A random sample of 20 people who resided within the u.s resulted in average viewing time of 4.76 hrs per day with a sample standard deviation of 2.297 hrs. obtain and interpret a 95% confidence interval, for the mean viewing time of all americans

confidence interval:
Interpert your answer:

95% = mean ± 1.96 SEm

SEm = SD/√n

I'll let you interpret.

To obtain a 95% confidence interval for the mean viewing time of all Americans, we can use the formula:

Confidence Interval = Sample Mean +/- (Critical Value * Standard Error of the Mean)

First, we need to find the critical value. Since we are using a 95% confidence level, the corresponding critical value can be found in the Z-table. In this case, the critical value is 1.96.

Next, we need to calculate the standard error of the mean. This can be done using the formula:

Standard Error of the Mean = Sample Standard Deviation / √(Sample Size)
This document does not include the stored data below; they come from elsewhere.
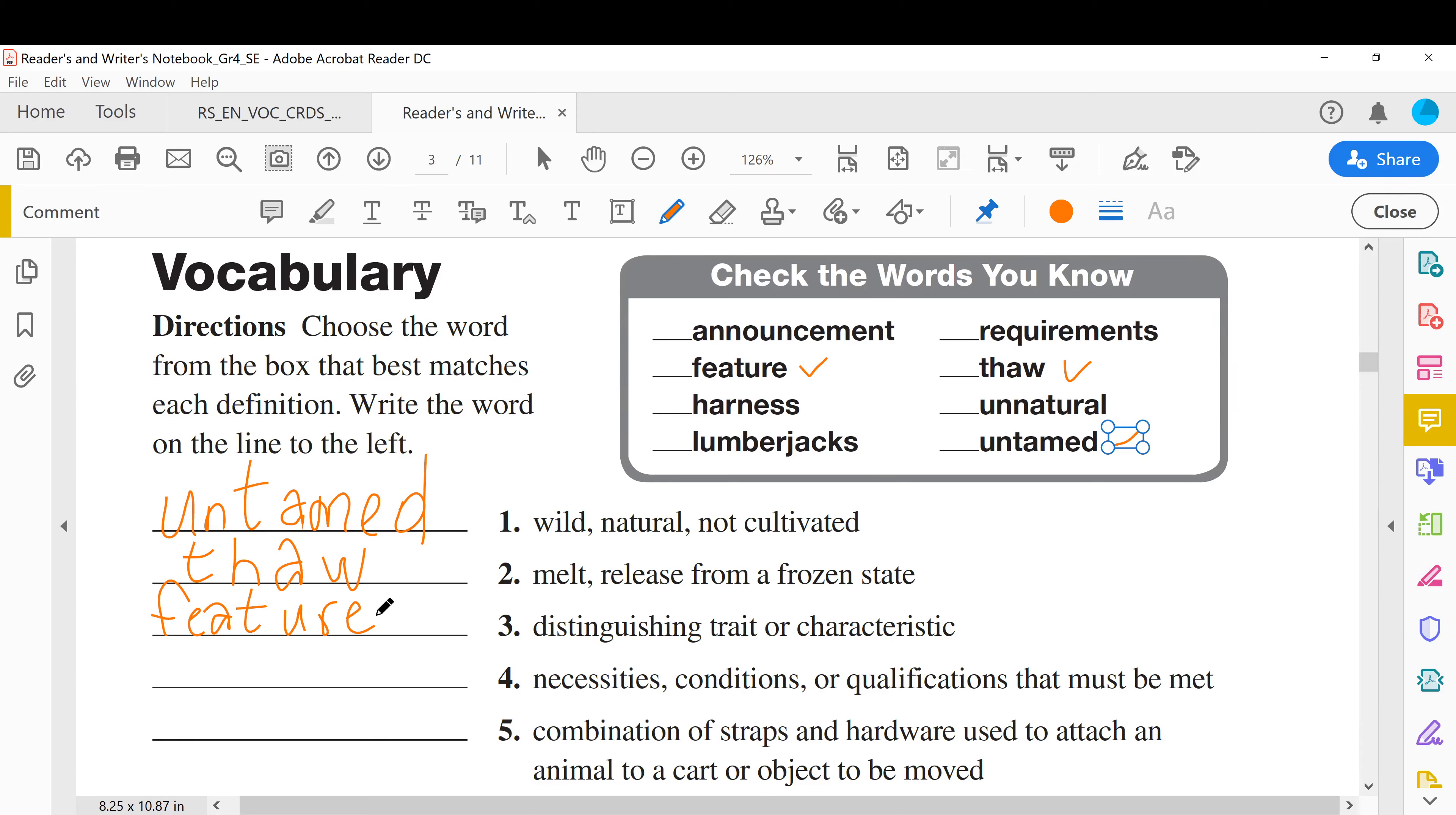Feature. All right, number four: necessities, conditions or qualifications that must be met. Something you have to do, you are required to do it, it is requirements. Requirements.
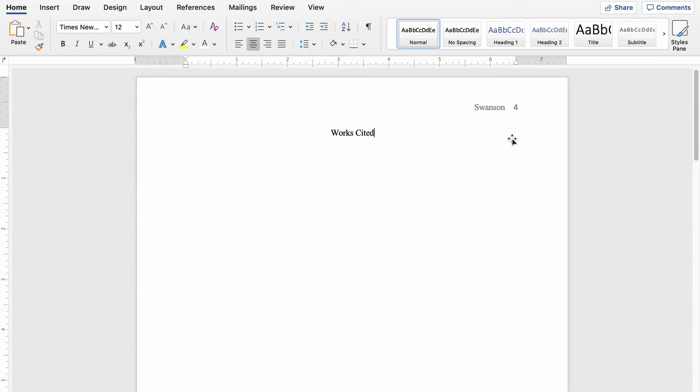I recognize it's not 1995 anymore, which means the most common thing you're trying to cite is probably a website. Let's go ahead and take a look at what the format is supposed to look like for a website.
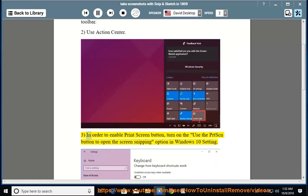Hint 3: In order to enable the Print Screen button, turn on the 'Use the Print Screen button to open Screen Snipping' option in Windows 10 settings.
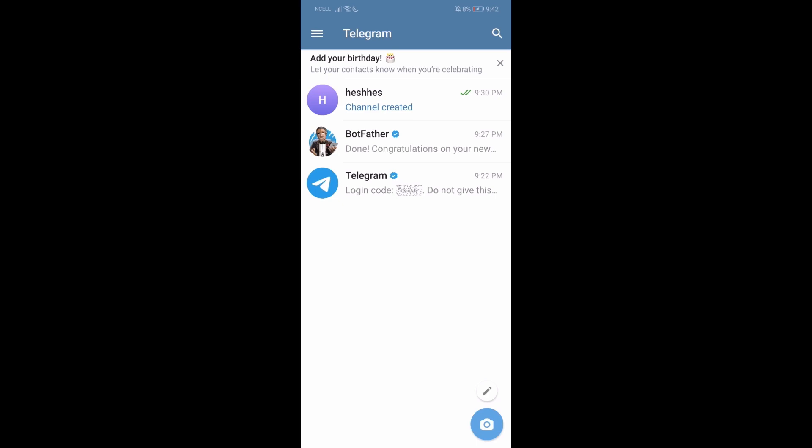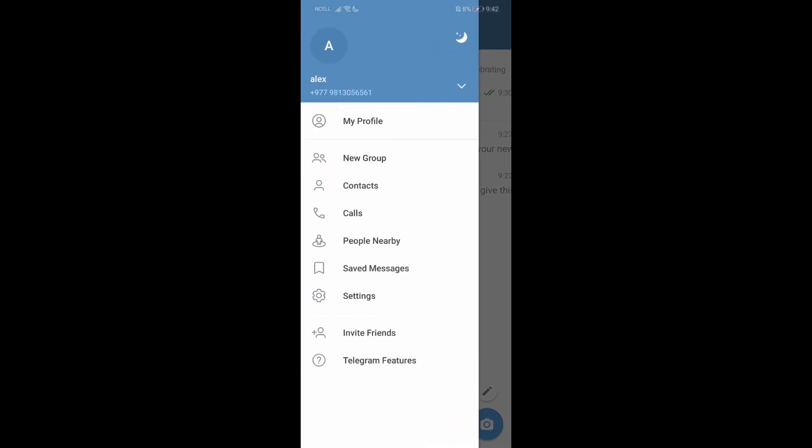First, what you need to do is go to your Telegram app and then on your top left corner, you'll have this three lines option. Let's go over here and then go to settings.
Plugging in the values, we have:

Standard Error of the Mean = 2.297 / √20 ≈ 0.514

Now, we can calculate the confidence interval:

Confidence Interval = 4.76 ± (1.96 * 0.514)
Confidence Interval = 4.76 ± 1.008
Confidence Interval = (3.752, 5.768)

Interpreting the confidence interval, we can say with 95% confidence that the mean viewing time of all Americans falls within the range of 3.752 to 5.768 hours per day.